The symposium took place on October 16th 2008 at the “Chambre de Commerce” conference centre. It was organised by the CRP-Santé, in cooperation with LuxInnovation, the National Agency for Innovation and Research, in the context of their Health Sciences and Technologies Cluster project “BioHealth”. Funding was kindly provided by CRP-Santé and the University of Luxembourg.

Following the presentations of the symposium, an open discussion took place between the public and a panel composed of representatives of each research institution and the invited speakers.

This is a summary of the thoughts the panel expressed, as well as several comments collected from the public.

Eye-Opener

The general opinion is that the event was a positive success, and a surprise for the local community and our guests. The surprise was to see how large the bioinformatics-interested community is in Luxembourg, and how strong the interest is to attend and participate in such get-together events.

Many comments centered thus about being glad to discover the wealth of bioinformatics resources in Luxembourg, the opportunities for collaboration revealed, and to be able to communicate, exchange, talk to professionals from so many different backgrounds and research areas.

Challenges

The panel members took the opportunity, in view of the day's presentations and their own experience, to assess the current situation of bioinformatics research in Luxembourg, bring attention to challenges faced by our community in the near future, and suggest ways to tackle those challenges.

We mentioned earlier that people were surprised to discover the richness of our diverse bioinformatics competences.
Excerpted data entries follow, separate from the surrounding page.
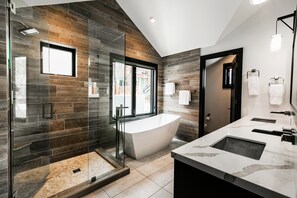 House (4 Bedrooms) | Bathroom | Bathtub, free toiletries, towels - Pinetree by Avantstay Modern Park City Getaway w/ Patio & Balcony (Park City)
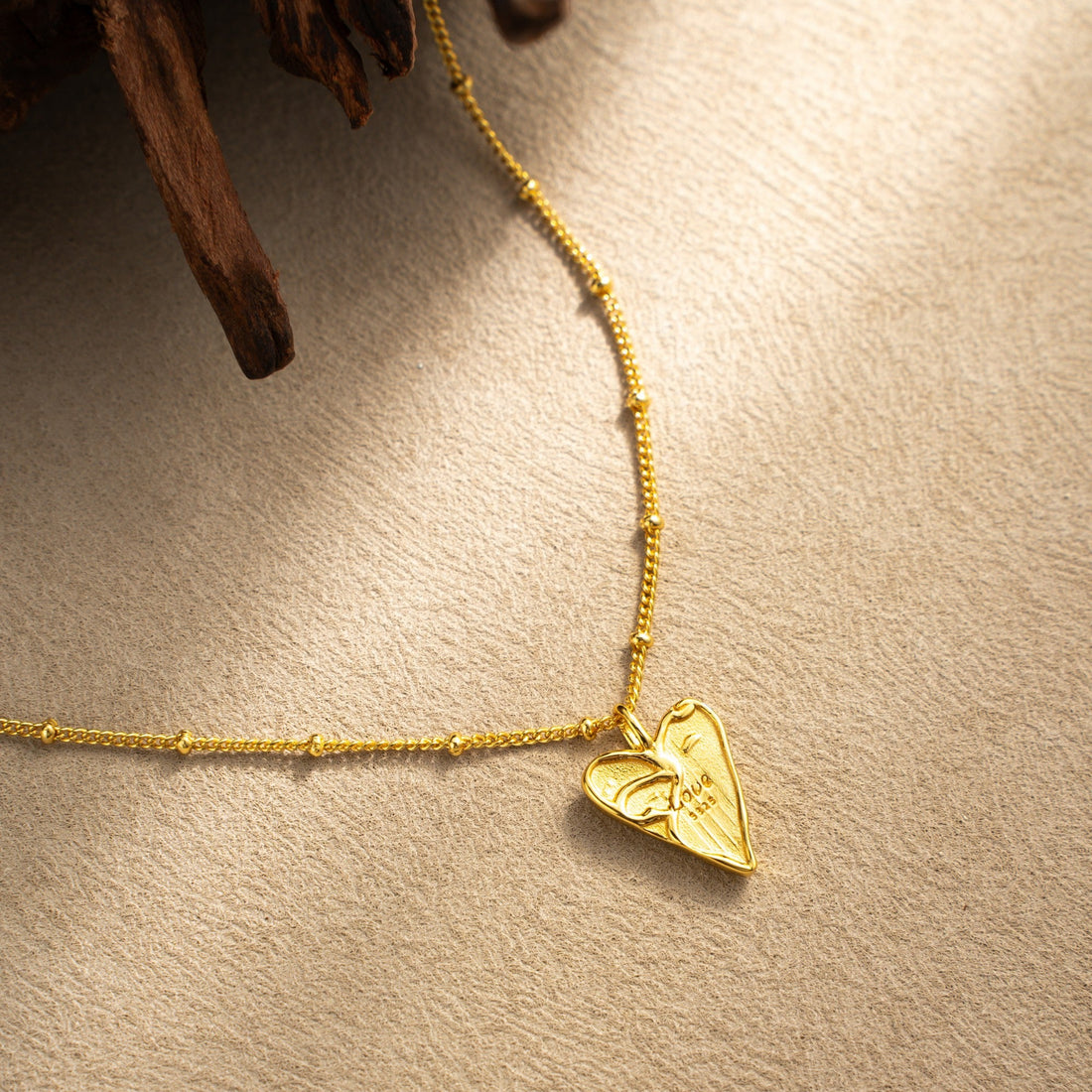 Heart of Passion Pendant Necklace – 18K Gold Vermeil on 925 Silver – View 4 | ARTTOO STUDIO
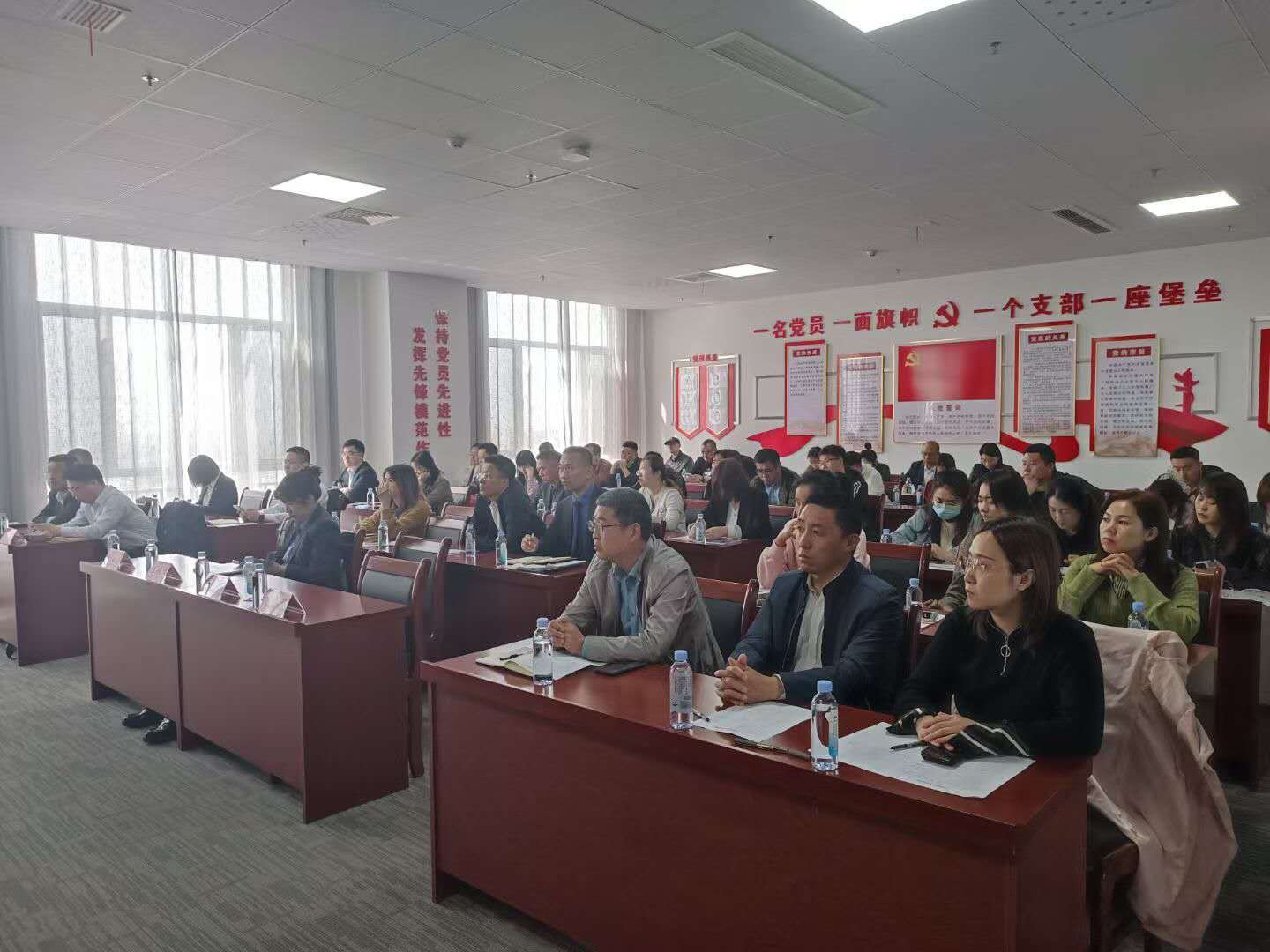 Audience at the Laixi policy briefing for foreign trade enterprises going global, hosted by the Laixi Commerce Bureau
This diversity in itself is truly positive - but the fact that even locals were surprised to realise this hints at a communication problem, in the sense that we ourselves have no precise overview of available hardware and competences in our country.

Several panel members therefore strongly encouraged the audience to make information flow more easily, e.g. by centralising data about hardware, software, workflows and competences in a searchable database.

Another aspect of this topic is the effort that each researcher has to make to visit the weekly seminars and conferences organised by each research institution, and to centralise the different mailing lists that advertise upcoming conferences.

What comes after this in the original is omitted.